EXTRACTED ENTRIES:
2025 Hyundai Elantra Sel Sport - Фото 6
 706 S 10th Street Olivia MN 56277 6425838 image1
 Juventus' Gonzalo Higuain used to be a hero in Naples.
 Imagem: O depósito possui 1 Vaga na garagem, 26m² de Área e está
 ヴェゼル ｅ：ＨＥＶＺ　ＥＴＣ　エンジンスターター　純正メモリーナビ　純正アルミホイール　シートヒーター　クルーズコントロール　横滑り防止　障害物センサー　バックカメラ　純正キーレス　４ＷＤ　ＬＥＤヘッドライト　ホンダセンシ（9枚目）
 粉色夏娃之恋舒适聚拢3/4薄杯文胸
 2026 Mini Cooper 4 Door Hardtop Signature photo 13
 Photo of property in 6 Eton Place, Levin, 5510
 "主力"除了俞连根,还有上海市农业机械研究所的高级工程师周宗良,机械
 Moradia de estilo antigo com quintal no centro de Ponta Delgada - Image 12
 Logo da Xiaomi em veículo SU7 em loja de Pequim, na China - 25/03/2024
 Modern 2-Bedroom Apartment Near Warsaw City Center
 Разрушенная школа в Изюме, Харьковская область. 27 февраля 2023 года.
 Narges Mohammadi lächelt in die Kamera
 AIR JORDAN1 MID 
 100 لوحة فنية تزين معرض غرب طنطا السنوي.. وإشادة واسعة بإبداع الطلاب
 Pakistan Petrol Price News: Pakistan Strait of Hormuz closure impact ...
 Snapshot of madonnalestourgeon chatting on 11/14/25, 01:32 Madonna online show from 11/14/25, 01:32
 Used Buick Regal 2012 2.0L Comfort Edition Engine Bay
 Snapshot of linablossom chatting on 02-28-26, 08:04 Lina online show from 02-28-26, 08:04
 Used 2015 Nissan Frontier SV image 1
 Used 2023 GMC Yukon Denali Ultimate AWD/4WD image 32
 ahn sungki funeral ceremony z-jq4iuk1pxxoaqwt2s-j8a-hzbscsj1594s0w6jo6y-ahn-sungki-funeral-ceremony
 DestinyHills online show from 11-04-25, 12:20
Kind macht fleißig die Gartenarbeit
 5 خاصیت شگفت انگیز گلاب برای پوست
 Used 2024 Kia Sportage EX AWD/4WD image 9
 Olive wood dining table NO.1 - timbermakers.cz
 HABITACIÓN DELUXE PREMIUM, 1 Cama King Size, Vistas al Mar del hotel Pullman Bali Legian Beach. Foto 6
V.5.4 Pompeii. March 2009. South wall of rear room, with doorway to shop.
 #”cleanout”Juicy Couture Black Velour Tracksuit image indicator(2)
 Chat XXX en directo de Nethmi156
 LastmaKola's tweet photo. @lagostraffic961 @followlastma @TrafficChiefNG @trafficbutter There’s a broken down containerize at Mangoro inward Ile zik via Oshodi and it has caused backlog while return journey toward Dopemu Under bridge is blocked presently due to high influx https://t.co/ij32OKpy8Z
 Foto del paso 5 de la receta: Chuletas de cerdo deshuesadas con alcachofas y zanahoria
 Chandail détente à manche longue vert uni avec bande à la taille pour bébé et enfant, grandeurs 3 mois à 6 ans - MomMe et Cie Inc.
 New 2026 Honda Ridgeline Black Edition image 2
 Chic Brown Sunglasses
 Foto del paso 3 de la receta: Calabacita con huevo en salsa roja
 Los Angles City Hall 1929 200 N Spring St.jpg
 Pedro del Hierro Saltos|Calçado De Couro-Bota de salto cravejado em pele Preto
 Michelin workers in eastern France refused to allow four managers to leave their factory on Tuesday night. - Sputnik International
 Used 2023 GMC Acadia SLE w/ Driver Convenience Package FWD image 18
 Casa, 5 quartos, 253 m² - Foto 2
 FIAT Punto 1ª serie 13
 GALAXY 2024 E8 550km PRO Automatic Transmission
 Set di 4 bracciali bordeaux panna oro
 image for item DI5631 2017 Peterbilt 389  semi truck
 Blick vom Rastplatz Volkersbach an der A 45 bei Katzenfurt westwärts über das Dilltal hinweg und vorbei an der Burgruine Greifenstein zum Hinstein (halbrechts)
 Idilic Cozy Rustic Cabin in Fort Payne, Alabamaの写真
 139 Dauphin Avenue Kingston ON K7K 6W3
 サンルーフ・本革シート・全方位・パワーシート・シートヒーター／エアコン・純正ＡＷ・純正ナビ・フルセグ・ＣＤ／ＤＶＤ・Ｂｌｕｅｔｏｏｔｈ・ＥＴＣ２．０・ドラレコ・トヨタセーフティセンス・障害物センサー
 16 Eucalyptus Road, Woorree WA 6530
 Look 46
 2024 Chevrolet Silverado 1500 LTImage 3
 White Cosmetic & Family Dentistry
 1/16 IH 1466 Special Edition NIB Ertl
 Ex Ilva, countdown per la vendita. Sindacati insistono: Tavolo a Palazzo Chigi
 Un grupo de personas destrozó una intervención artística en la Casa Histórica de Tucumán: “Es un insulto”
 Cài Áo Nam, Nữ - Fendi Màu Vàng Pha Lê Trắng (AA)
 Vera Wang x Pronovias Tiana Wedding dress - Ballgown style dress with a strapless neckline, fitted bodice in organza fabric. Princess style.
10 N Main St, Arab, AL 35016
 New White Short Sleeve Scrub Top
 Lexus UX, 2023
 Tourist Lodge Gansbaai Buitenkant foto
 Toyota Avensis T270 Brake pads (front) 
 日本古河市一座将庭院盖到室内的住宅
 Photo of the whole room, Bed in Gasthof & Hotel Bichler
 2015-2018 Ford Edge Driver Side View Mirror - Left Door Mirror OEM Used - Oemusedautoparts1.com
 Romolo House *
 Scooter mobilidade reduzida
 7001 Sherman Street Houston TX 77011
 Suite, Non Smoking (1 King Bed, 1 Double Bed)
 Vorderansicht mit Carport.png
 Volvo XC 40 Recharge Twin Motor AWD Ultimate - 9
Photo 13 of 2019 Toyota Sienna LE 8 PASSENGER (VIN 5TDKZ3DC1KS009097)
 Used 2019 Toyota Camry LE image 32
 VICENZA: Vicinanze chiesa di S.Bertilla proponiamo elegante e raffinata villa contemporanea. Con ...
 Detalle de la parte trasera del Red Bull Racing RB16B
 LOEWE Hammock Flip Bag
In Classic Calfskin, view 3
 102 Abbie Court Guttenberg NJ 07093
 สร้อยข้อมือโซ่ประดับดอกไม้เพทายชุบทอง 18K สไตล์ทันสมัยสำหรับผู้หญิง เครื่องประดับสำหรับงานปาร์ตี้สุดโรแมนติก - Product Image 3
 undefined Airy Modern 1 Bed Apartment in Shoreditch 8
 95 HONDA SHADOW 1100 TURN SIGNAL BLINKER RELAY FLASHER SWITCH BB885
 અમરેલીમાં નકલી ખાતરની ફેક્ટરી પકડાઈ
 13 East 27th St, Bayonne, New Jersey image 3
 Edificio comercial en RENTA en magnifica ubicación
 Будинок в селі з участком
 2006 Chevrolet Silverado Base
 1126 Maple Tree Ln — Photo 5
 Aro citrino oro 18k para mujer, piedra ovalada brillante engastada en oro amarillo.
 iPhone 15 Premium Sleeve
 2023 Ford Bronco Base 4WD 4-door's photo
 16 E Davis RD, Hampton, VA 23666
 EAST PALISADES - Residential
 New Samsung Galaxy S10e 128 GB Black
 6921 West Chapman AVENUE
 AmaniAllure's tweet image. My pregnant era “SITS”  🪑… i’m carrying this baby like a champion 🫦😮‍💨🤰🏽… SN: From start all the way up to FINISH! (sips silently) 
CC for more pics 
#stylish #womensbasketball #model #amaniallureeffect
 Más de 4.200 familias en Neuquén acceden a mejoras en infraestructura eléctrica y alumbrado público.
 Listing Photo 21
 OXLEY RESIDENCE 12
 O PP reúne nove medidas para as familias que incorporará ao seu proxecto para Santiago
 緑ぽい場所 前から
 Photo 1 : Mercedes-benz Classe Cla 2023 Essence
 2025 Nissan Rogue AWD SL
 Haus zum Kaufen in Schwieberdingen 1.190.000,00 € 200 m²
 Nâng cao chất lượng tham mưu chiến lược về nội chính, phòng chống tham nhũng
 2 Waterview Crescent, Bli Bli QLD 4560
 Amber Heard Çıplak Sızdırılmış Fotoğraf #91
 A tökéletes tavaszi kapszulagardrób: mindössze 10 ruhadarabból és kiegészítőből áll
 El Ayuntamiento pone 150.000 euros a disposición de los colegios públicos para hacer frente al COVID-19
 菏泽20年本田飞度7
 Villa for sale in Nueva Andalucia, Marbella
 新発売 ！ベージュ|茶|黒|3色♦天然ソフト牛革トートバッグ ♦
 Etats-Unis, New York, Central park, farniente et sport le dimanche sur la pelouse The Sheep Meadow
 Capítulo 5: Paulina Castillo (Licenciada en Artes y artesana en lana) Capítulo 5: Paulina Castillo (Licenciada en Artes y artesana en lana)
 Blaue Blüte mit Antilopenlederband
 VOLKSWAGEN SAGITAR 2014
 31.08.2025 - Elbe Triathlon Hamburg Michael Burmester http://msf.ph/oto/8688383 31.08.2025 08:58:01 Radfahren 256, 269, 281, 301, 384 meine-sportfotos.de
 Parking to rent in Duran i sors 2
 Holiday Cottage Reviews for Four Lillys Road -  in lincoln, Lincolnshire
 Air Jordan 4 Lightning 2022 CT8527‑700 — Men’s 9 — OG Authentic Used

GOAL OF THE EXERCISE: For the listing above, print only the lines starting at the line containing "2006 Chevrolet Silverado Base" and ending at the line containing "OXLEY RESIDENCE 12", exactly, both included.

SOLUTION:
 2006 Chevrolet Silverado Base
 1126 Maple Tree Ln — Photo 5
 Aro citrino oro 18k para mujer, piedra ovalada brillante engastada en oro amarillo.
 iPhone 15 Premium Sleeve
 2023 Ford Bronco Base 4WD 4-door's photo
 16 E Davis RD, Hampton, VA 23666
 EAST PALISADES - Residential
 New Samsung Galaxy S10e 128 GB Black
 6921 West Chapman AVENUE
 AmaniAllure's tweet image. My pregnant era “SITS”  🪑… i’m carrying this baby like a champion 🫦😮‍💨🤰🏽… SN: From start all the way up to FINISH! (sips silently) 
CC for more pics 
#stylish #womensbasketball #model #amaniallureeffect
 Más de 4.200 familias en Neuquén acceden a mejoras en infraestructura eléctrica y alumbrado público.
 Listing Photo 21
 OXLEY RESIDENCE 12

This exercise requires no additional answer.